From the line with "Basel, Tinguelybrunnen, Figuren 03" to the line with "1999 Volvo Vn VIN:4VG7DARJ7XN769345 - 11", retype every line exactly, including those two, and leave out the rest of the data below.

• **DATA TO EXAMINE**
=== Section Start ===

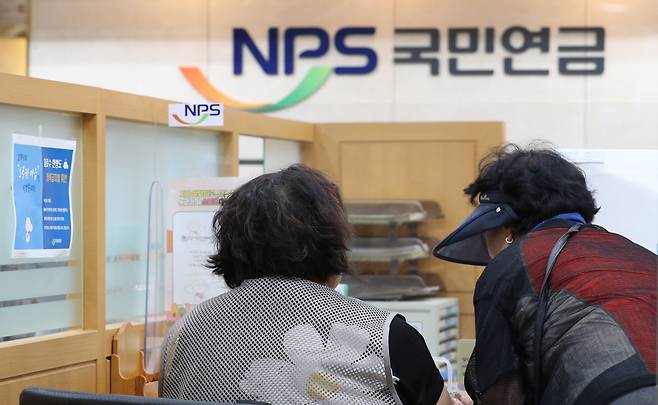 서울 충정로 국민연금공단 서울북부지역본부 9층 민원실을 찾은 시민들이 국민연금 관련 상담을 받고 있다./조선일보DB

=== Section End ===
=== Section Start ===

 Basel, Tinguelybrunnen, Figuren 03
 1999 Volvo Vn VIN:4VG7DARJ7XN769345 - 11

=== Section End ===

• **RESULT OF THE TASK**
 Basel, Tinguelybrunnen, Figuren 03
 1999 Volvo Vn VIN:4VG7DARJ7XN769345 - 11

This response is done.